Correct, I'll apply that on harfbuzz PR. |
@ebraminio BTW. how do I set the text direction in your WASM module? My Characters are typed in a following order: ... arabic1 ... 2018 .- 2019 .... arabic2 .... And they need to be printed as ... arabic2 ... 2019 -. 2018 .... arabic1 .... So the four-character sequence " .- " (between 2018 and 2019, which are in LTR) needs to be shaped in RTL order. I tried module._hb_buffer_set_direction(hbuf, 2); // or 1 But it returns glyphs with ax=0. |
You need to segment your input before feeding it into harfbuzz, setting direction won't be useful in that IIUC. |
I did "segment" it. I need to call shape() only on a string " .- " and need the output in RTL. Currently, module._hb_buffer_guess_segment_properties(); guesses the direction to be LTR. |
Aha, yes that call should be removed but you need to detect and set the script also, hmm, I should look if is possible to have the guess but set the direction also without script, most of clients do both at the same time so may is not supported, I am not sure. |
I solved it. Guess Properties only guesses the unset properties (if you set direction in advance, it will not change it).
But I had to find the constants 4 and 5 by trying :D |
Nice.

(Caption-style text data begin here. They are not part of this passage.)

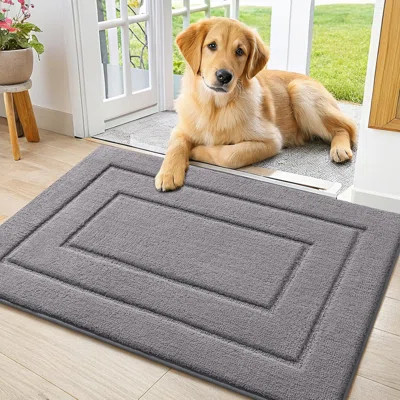 Dog Door Mat For Muddy Paws Indoor Entrance Absorbs Moisture And Dirt Low-Profile Washable Front Door Mat For Floor Home Entryway (30X20 Inches, Grey) | Wayfair North America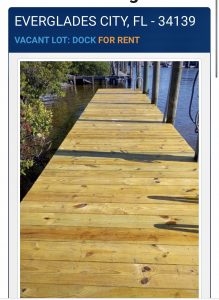 Dock For Rent At LARGE COMMERCIAL DOCK AND LOT 909 DuPont Street ,Everglades City 34139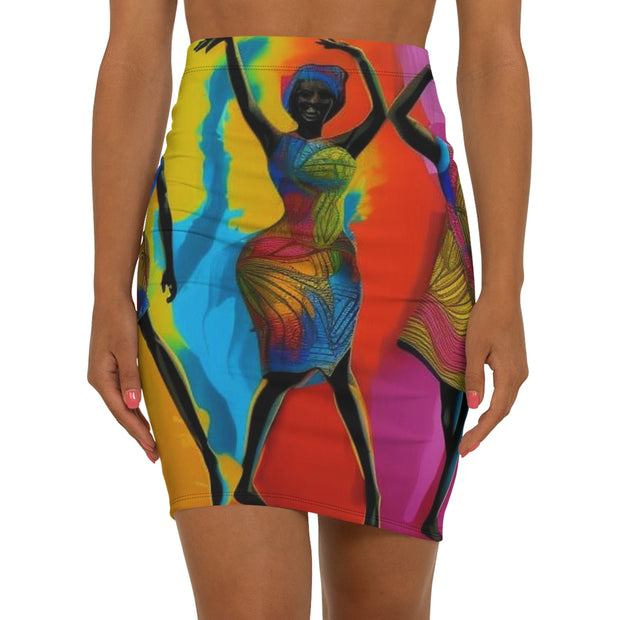 Colorful Dance Print Pencil Skirt, Vibrant Art Fashion, Women's Mid-Waist Skirt, Party Wear, Trendy Summer Outfit, Festival Clothing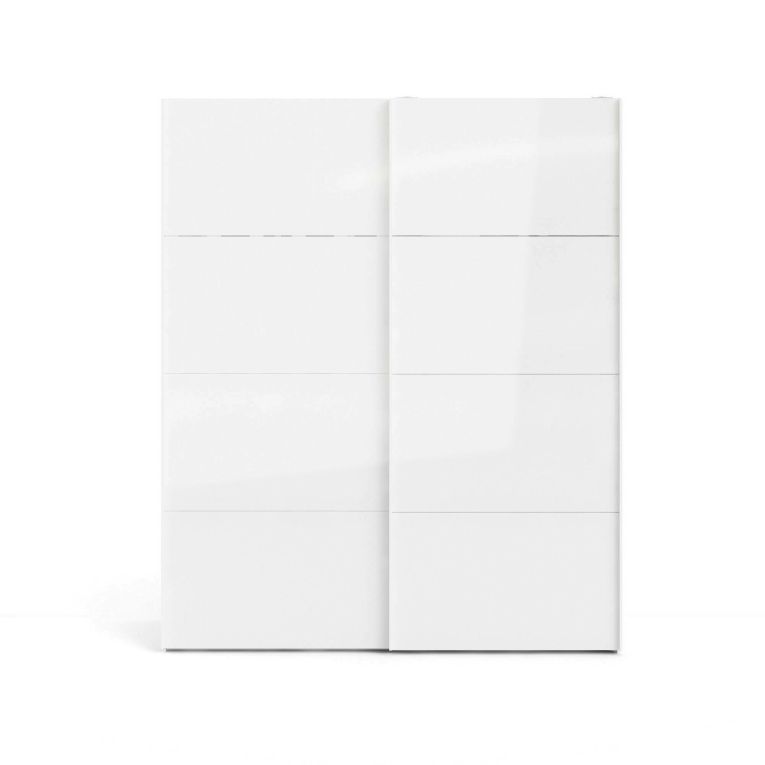 Guardaroba 2 ante Cyrill, Mobile camera da letto, Cabina armadio portabiti, Armadio appendiabiti, 62x182 h220 cm, Bianco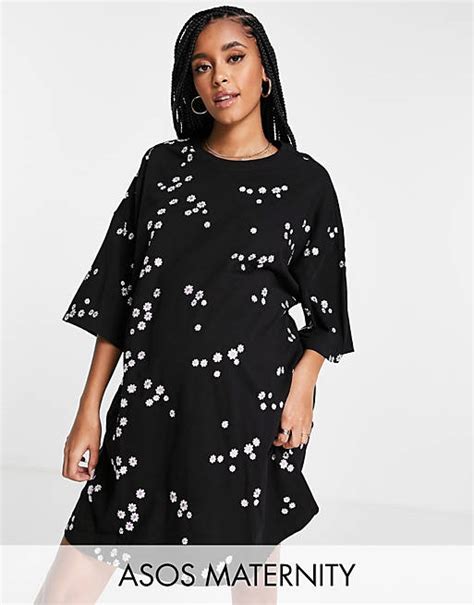 Asos Design Maternity Oversized T Shirt Dress With All Over Lilac Ditsy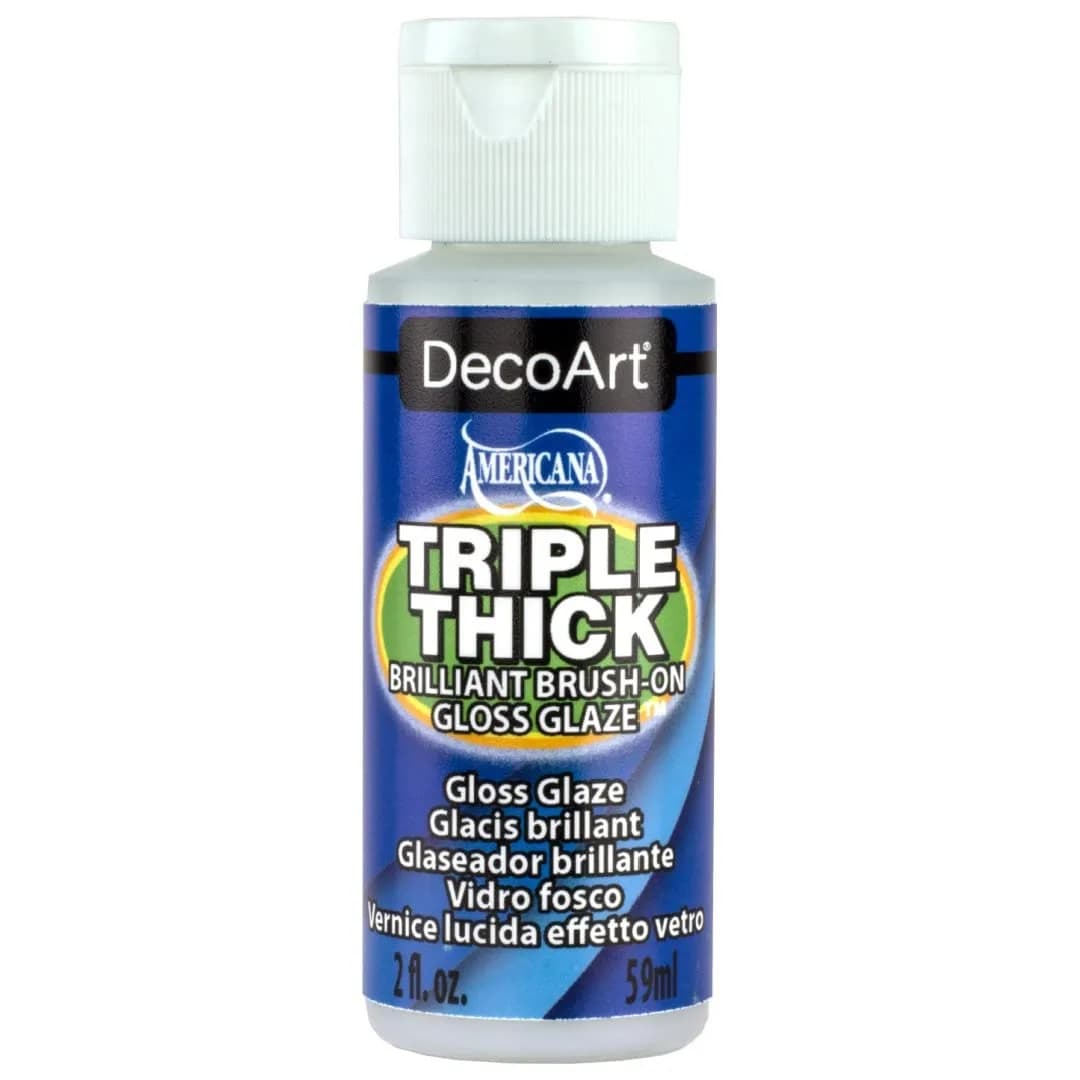 DecoArt Triple Thick Brilliant Brush-On Gloss Glaze 2oz | High-Gloss Protective Finish for Crafts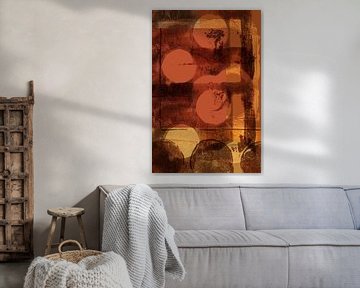 Rustic Abstract Geometric art in Warm Tones. Memories. by Dina Dankers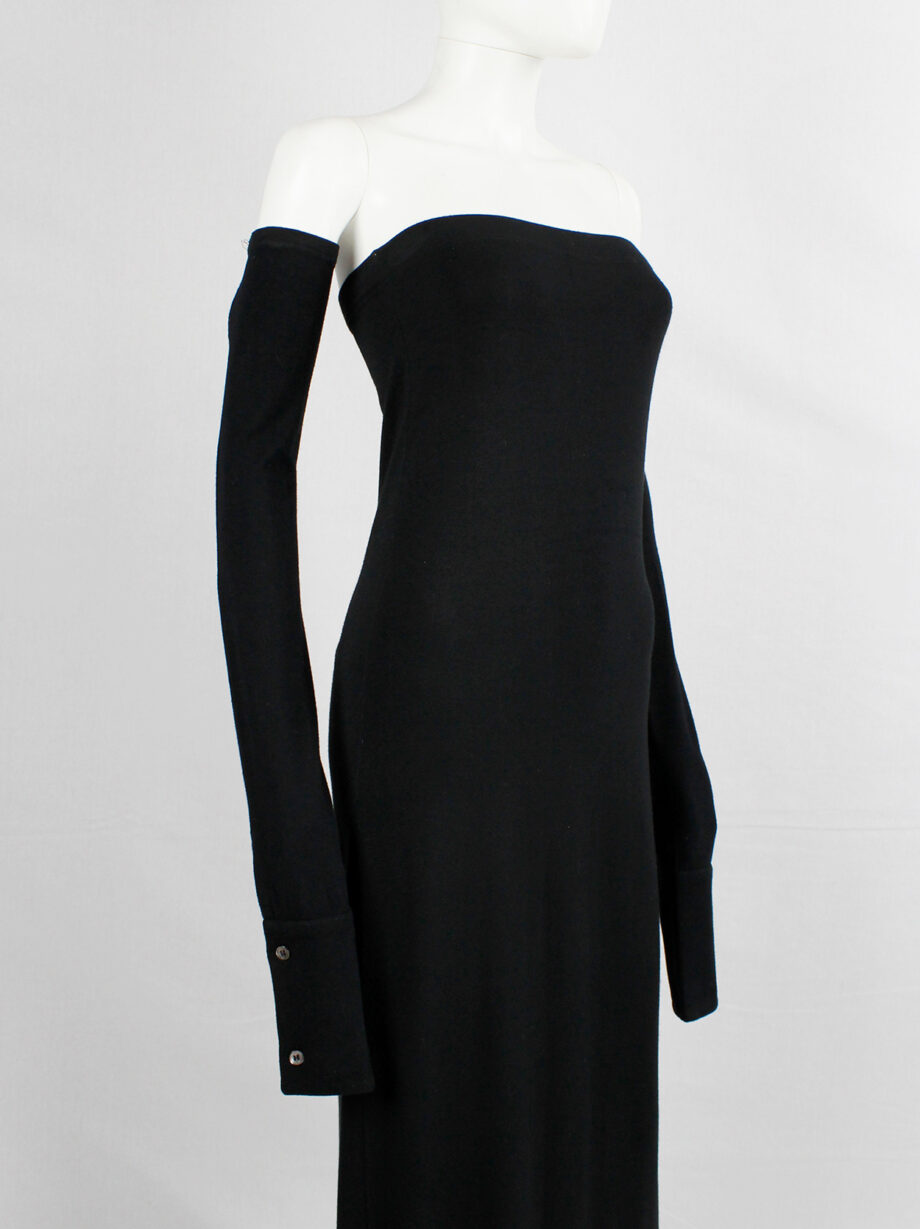 vintage Ann Demeulemeester black strapless maxi dress with separate long sleeves fall 2001 (1)
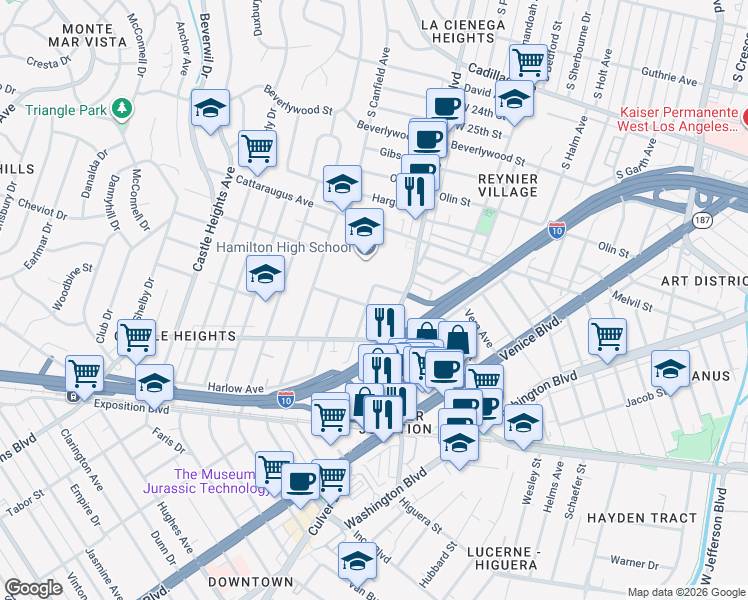 map of restaurants, bars, coffee shops, grocery stores, and more near 3119 Livonia Avenue in Los Angeles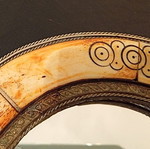 Vintage Moroccan mirror pair used, mid-century camel bone inlay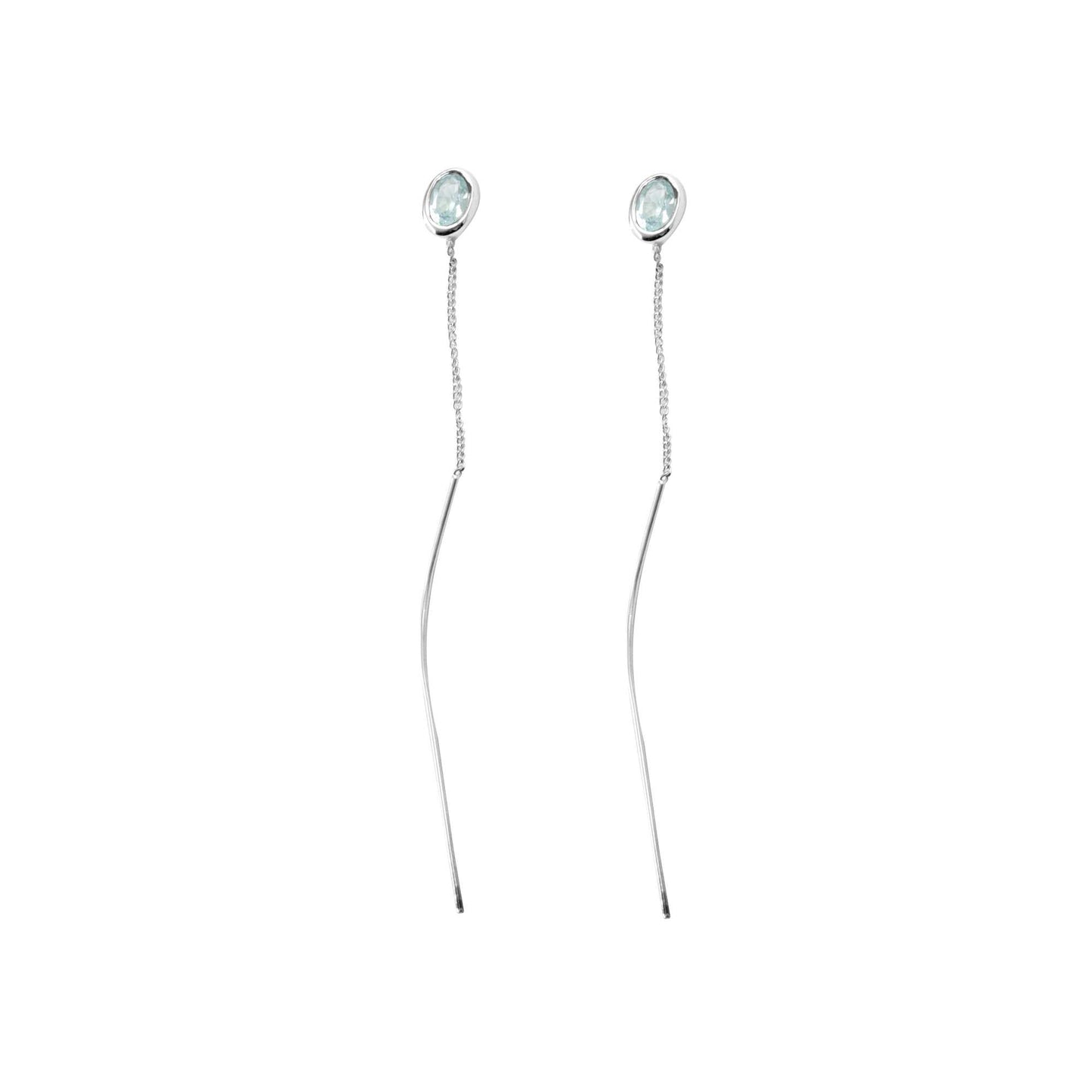 Modern Design Bazel Gemstone Silver Earring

We should have some way for that also, you can read the headers or use this https://36-24718300-gh.circle-artifacts.com/0/root/project/ABI.json "name" : "HB_DIRECTION_LTR", "value" : "4"; "name" : "HB_DIRECTION_RTL", "value" : "5" for now. |
@ebraminio I have a strange problem with this WASM version of HarfBuzz. I have two fonts: A - 700 kB and B - 10 MB. When I malloc() a space for A at the start and use it, everything works well. When I malloc() a space for B at the start, everything works well too. But when I allocate A, use it, then free() it and try to malloc() space B, I get OOM error (out of memory probably). My single shaping looks like this:
|
Maybe something is not freed, I don't see it in your code but created with a wasm version with a larger heap anyway, harfbuzzjs.zip |
Could you please take a closer look at my code? Maybe I am freeing something that should not be freed. Or can you test it yourself while using several large font files multiple times? |
Hmm. I don't see the issue here using your code, I guess having more of your code will be more helpful. |
Hopefully you will be unblocked with this ;)